[RECORDS PROVIDED — start]

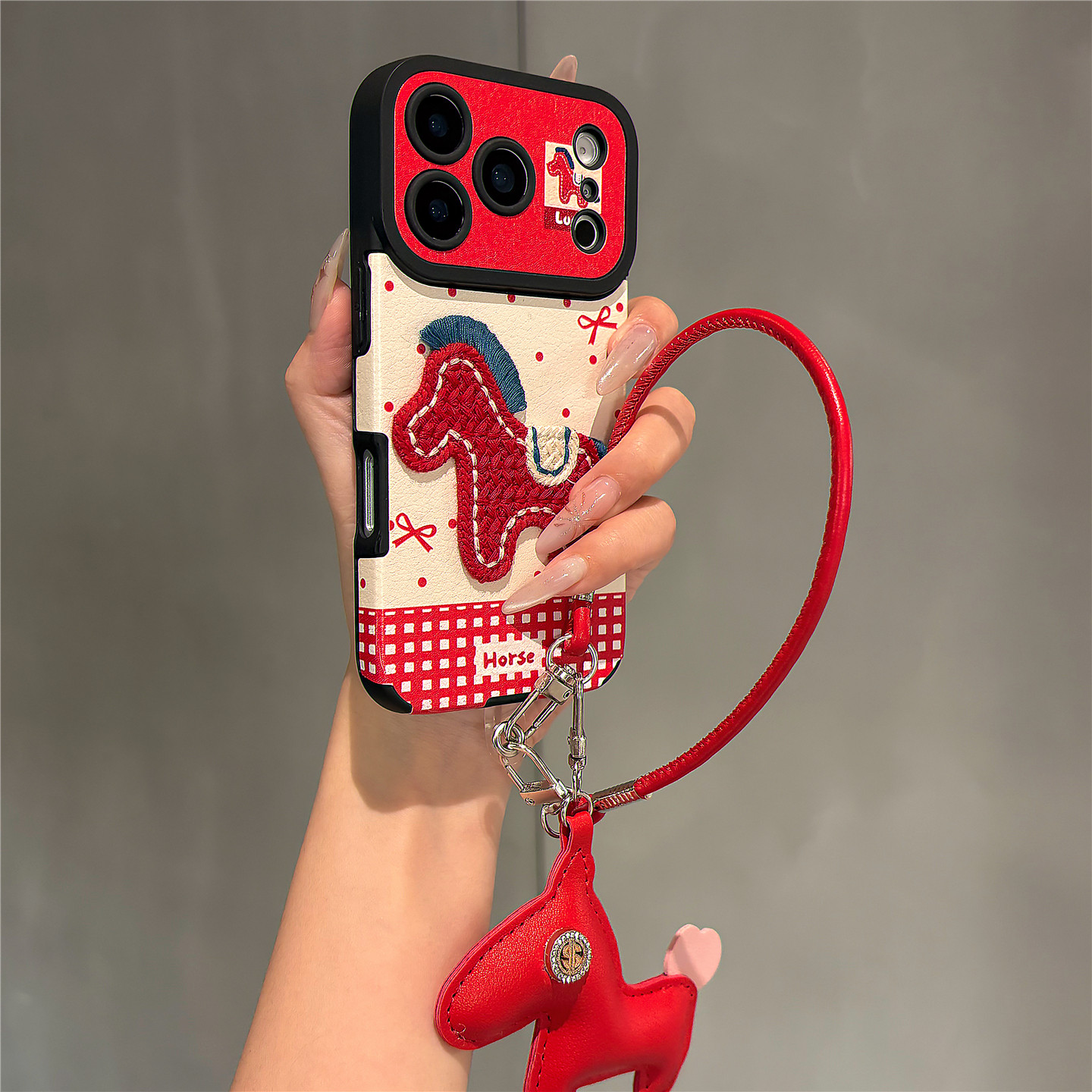 新年红卡通格纹拼接小马适用苹果17promax手机壳iphone17pro皮纹软胶16pro新款15手拎挂绳14防摔13保护套女款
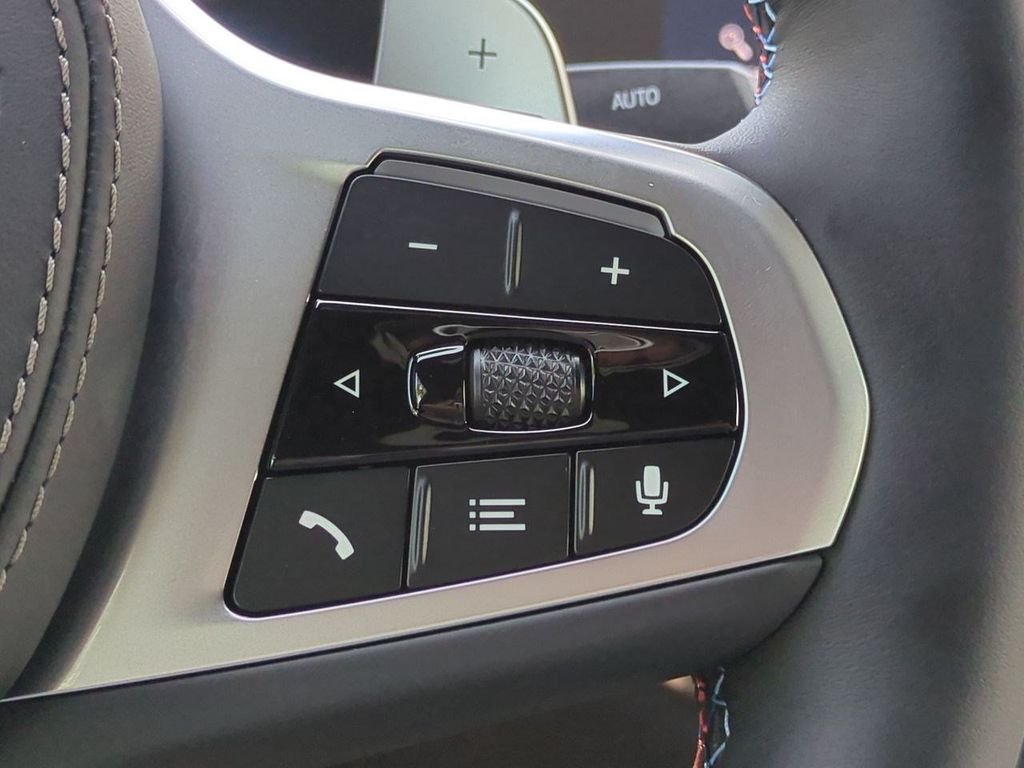 New 2027 Dravit Grey Metallic BMW M60i image 26
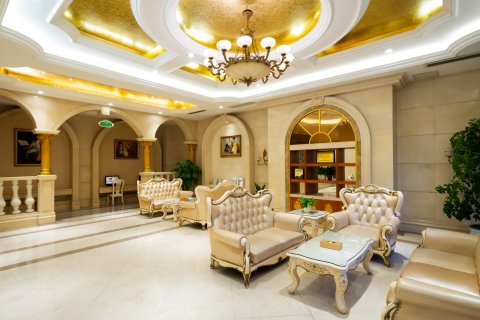 维也纳国际酒店(深圳石岩上屋地铁站店)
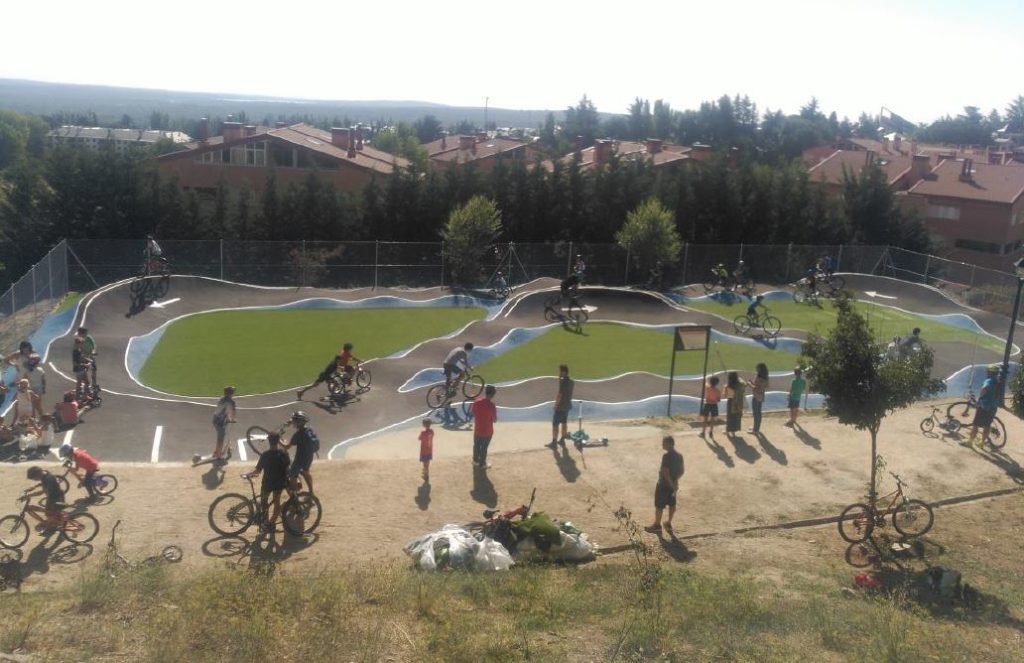 Pumptrack de asfalto en San Lorenzo de El Escorial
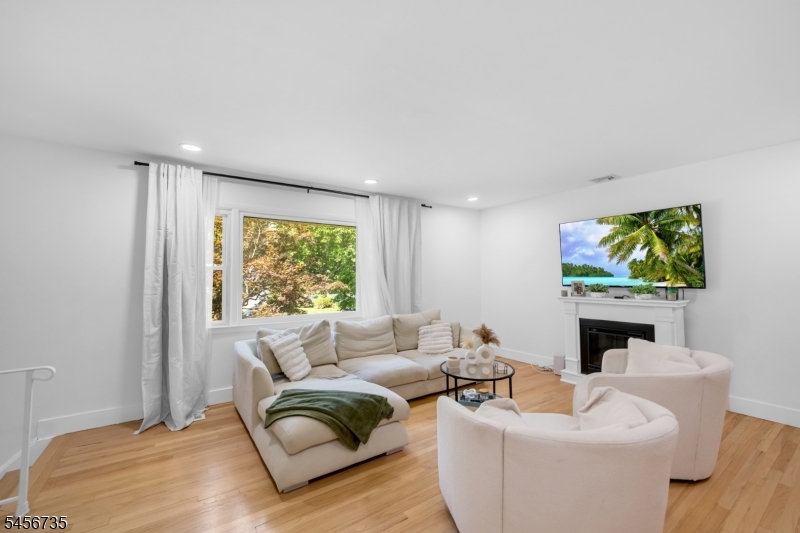 25 Windsor Ct
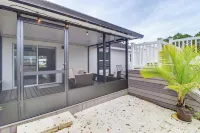 Spacious Getaway in Ocala with Hot tub, Pool and near Silver Springs State Park! Hotels in Silver Springs Shores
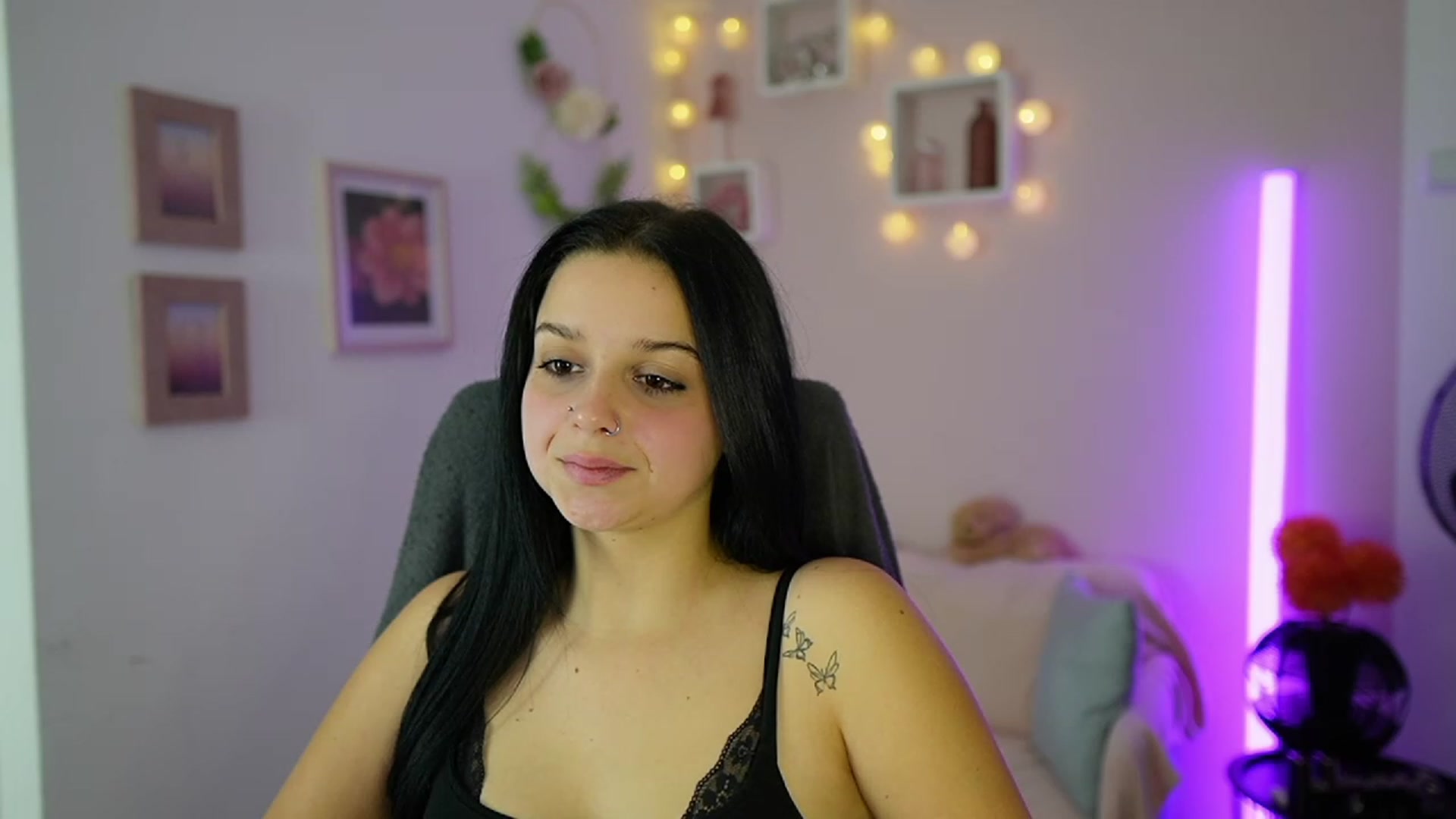 Gallery image thumbnail from Sola_Zola18's myfreecams stream on, 11/09/2023, 19:58 image 18 of 20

[RECORDS PROVIDED — finish]

A verbatim copy of the material is needed; pictures are not to appear in it.

:: REPLY TO THE TASK ::
 新年红卡通格纹拼接小马适用苹果17promax手机壳iphone17pro皮纹软胶16pro新款15手拎挂绳14防摔13保护套女款
 New 2027 Dravit Grey Metallic BMW M60i image 26
 维也纳国际酒店(深圳石岩上屋地铁站店)
 Pumptrack de asfalto en San Lorenzo de El Escorial
 25 Windsor Ct
 Spacious Getaway in Ocala with Hot tub, Pool and near Silver Springs State Park! Hotels in Silver Springs Shores
 Gallery image thumbnail from Sola_Zola18's myfreecams stream on, 11/09/2023, 19:58 image 18 of 20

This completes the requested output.